Austin Office Expenses
Austin Office Expenses
Tenants will pay a portion of the additional costs (office expenses) a landlord incurs in operating the building they take occupancy in. How much of that increase is the responsibility of each specific tenant and how that additional office expense cost is calculated are two separate equations. First, let’s touch on the two generally accepted types of “Additional Rent” from expenses and how that works.
Base Year Expenses and Expense Stop
Are all additional rents calculating the same way? No, some landlords use a BASE YEAR EXPENSE method. Other landlords use an EXPENSE STOP. While both address the same expenses that the tenant is responsible for these methods differ.
Base Year
Part of your rent in year one, let’s say $18.00 PSF per year. This goes towards the landlord’s debt service and profit. The remainder goes towards operating the building. In a Base Year scenario, let’s say $10 goes towards debt service and profit and $8.00 towards NNN expenses. NNN expenses or are expenses to run and operate the property. If a tenant’s lease calls for a base year, $8.00 is set as your foundation amount and your lease will state what calendar year is the base year expenses . Should the actual expenses increase in the second year to $8.12, you pay not only the contract rental increase, if any, but you also pay $.01 PSF (which is .12 cents /12 Months) as “Additional Rent”.

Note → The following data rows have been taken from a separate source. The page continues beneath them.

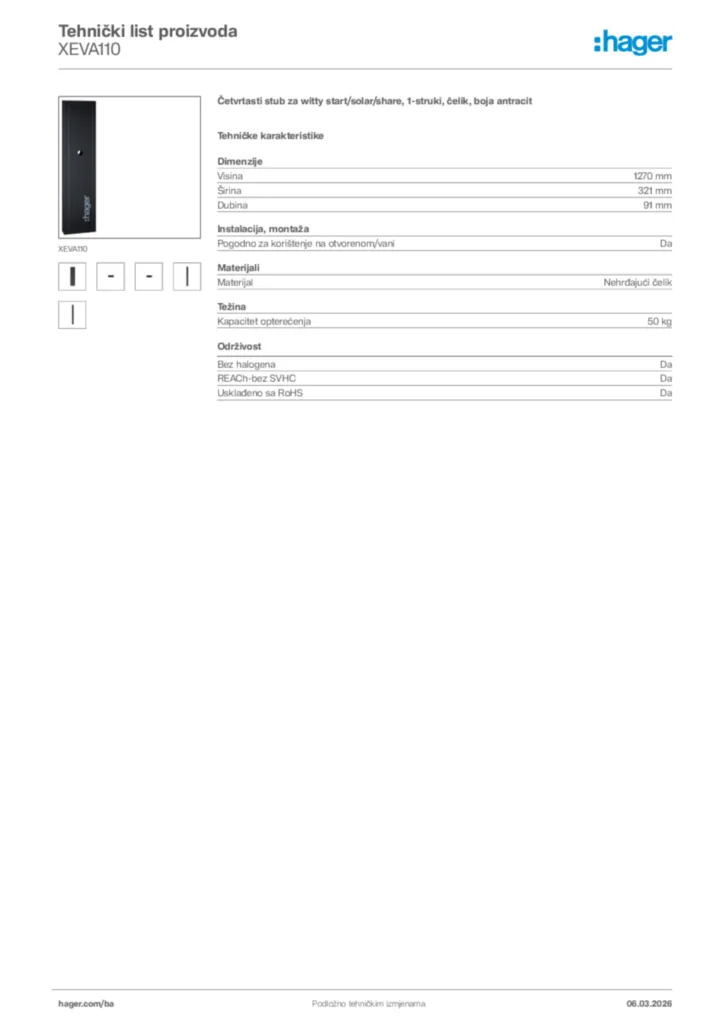 Slika Hager Tehnički list proizvoda XEVA110  | Hager
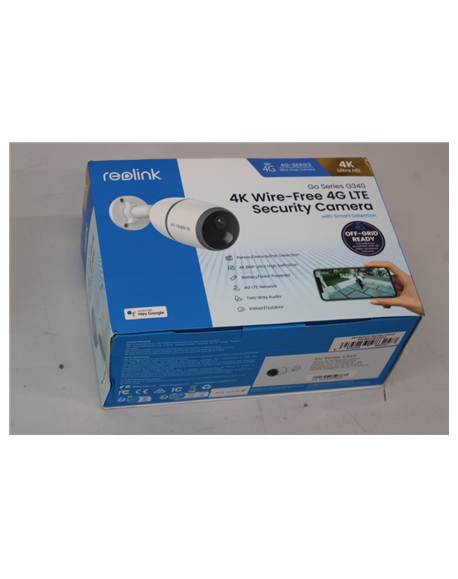 SALE OUT. Reolink Go Series G340 4K 4G LTE Wire Free Camera, White | Reolink 4G LTE Wire Free Camera | Go Series G340 | 23 month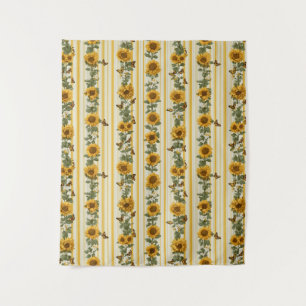 Tapiz Sunflower y Butterflies en franjas amarillas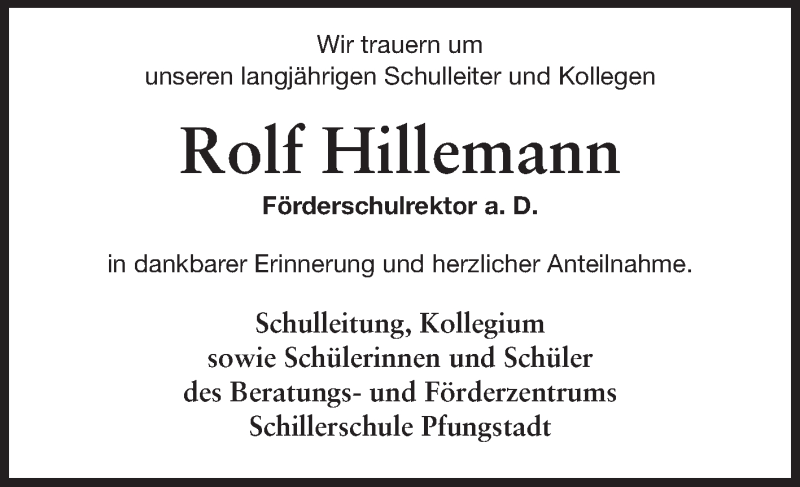  Traueranzeige für Rolf Hillemann vom 15.04.2015 aus Echo-Zeitungen (Gesamtausgabe)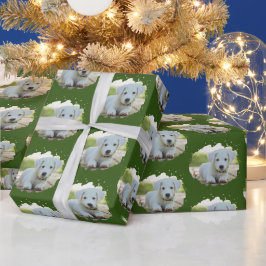 Niedlicher Hund liebt Personalisiertes Foto Muster Geschenkpapier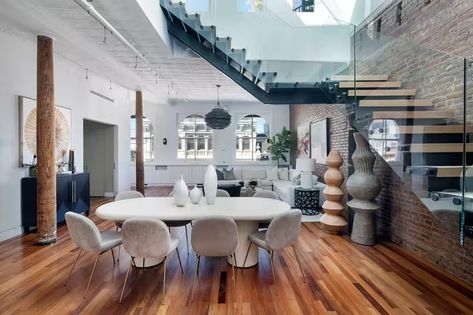 A SoHo Penthouse With Three Outdoor Spaces Asks $3.7M - Dwell Soho Penthouse, Modern Penthouse Apartment, Modern Penthouse, Industrial Style Home, Crazy Houses, Soho Loft, Arched Windows, Prefab Homes, Furniture Maker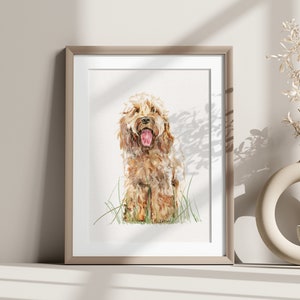 Regalo di compleanno / Regalo per gli amanti dei cani Cockapoo / Graziosa opera d'arte ad acquerello di Cockapoo / Decorazione murale per cani / Regalo per il proprietario di animali domestici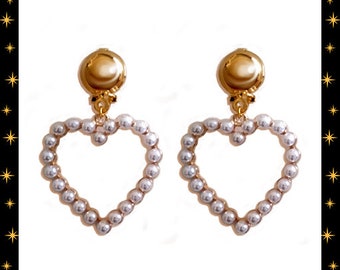 Marilyn Love Pearls - Boucles d'oreilles - Créoles Barbie - Créoles Pinup - Créoles Coeurs - Perles blanches - Années 50 - Glitter Paradise®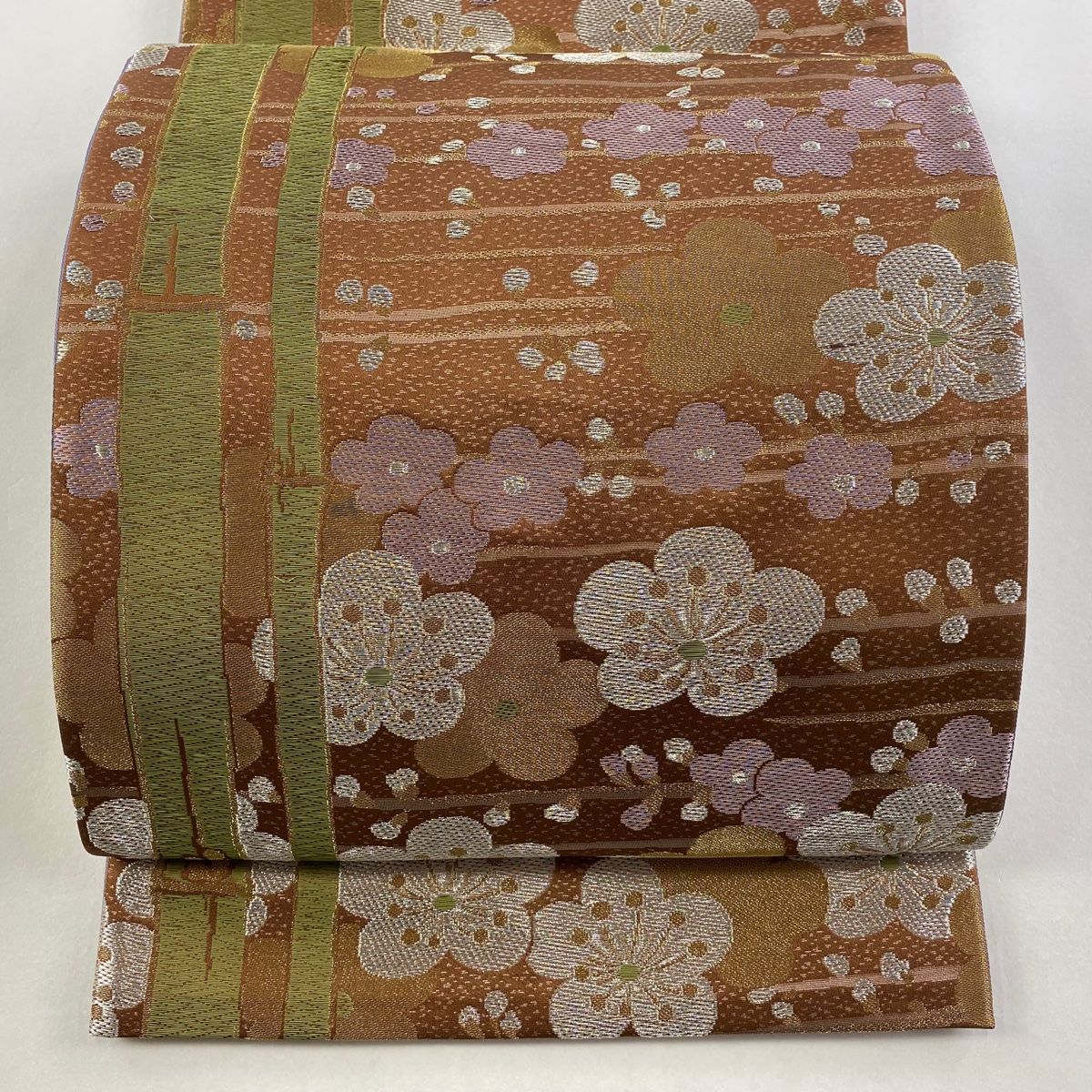 袋帯 秀品 二代目清次郎 落款 梅 竹 金銀糸 箔 茶色 六通 正絹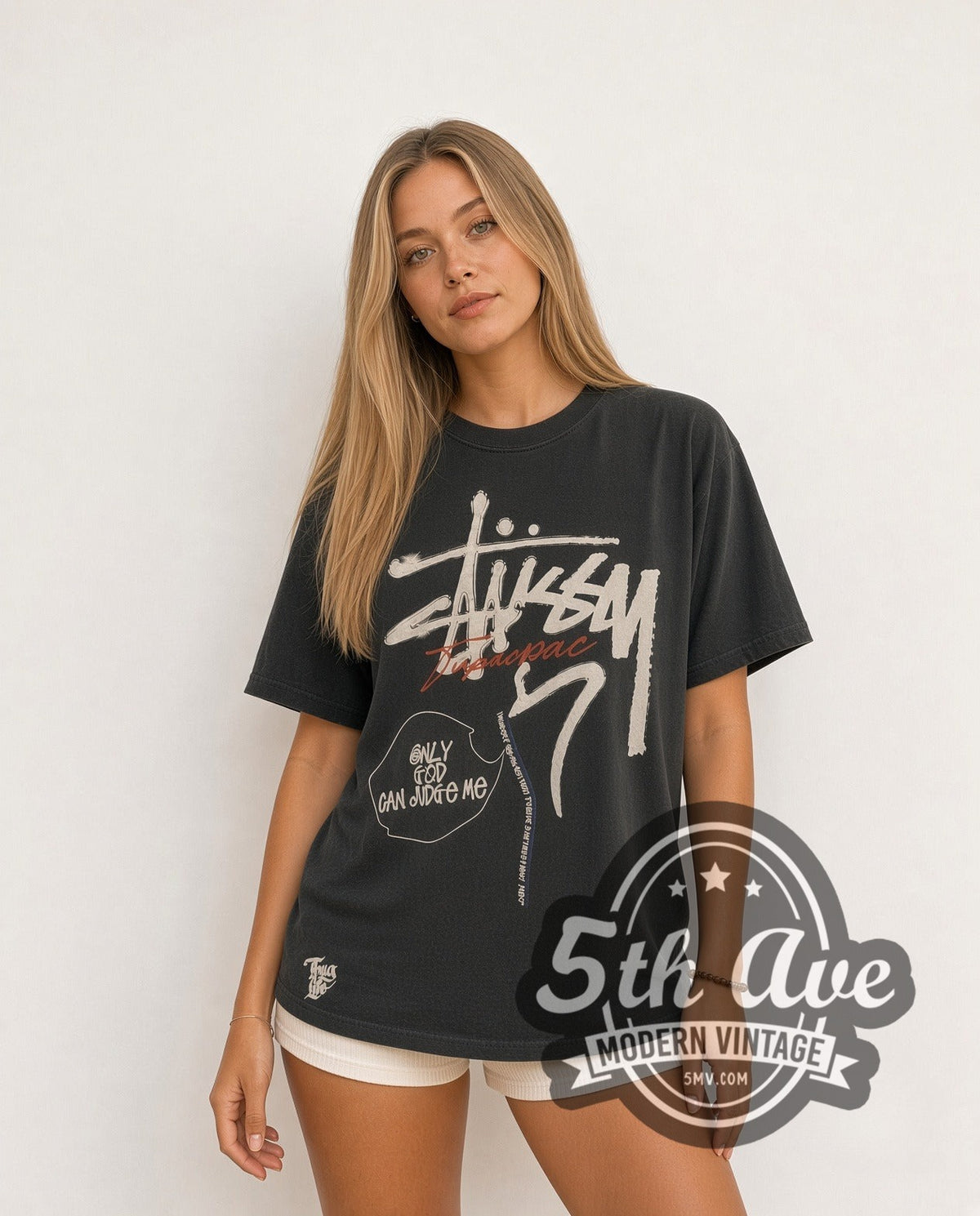 Model wearing the Tupac × Stüssy Only God Can Judge Me vintage band t-shirt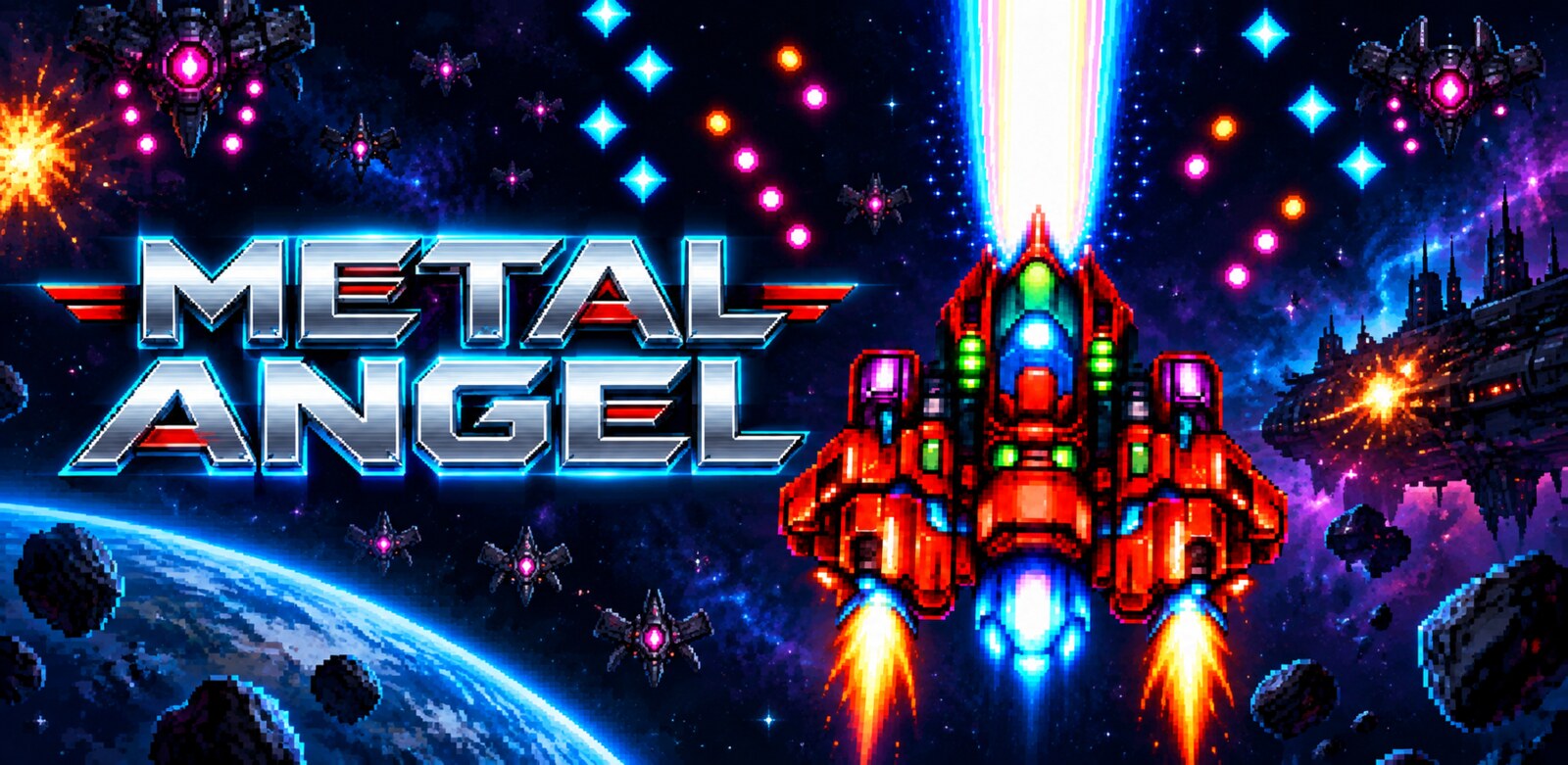 Metal-Angel &mdash; the red fighter firing its beam through a swarm of enemy ships above the planet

“Additional NNN Expenses,” is what you would incur. If the expenses go down, the landlord should transfer the decrease to the tenant. Operating Expenses are budgeted and assessed to the tenant for the calendar year. They are then reconciled at year end. At reconciliation, the expenses may be less (actual vs budget) or higher which should be transferred over to the tenants leasing the property.
Office Expense Stops
An Expense Stop operates in much the same manner. Except, there always seems to be an Except! The landlord simply gives you a number, maybe $8 PSF, and tells you that $8.00 of your rent goes towards building operating expenses and anything above that you pay. Office Expenses will benefit landlords by limiting exposure to expenses being greater than expected during the course of a tenant’s lease.
In other words, many landlords will incorporate some type of Expense Stop into Full Service leases. This is because it protects the owner’s operating income. For instance, when the property’s expenses increase over the life of a tenant’s lease term, the landlord is then able to bill the tenant for those increases, rather than absorb 100% of the expenses on their own.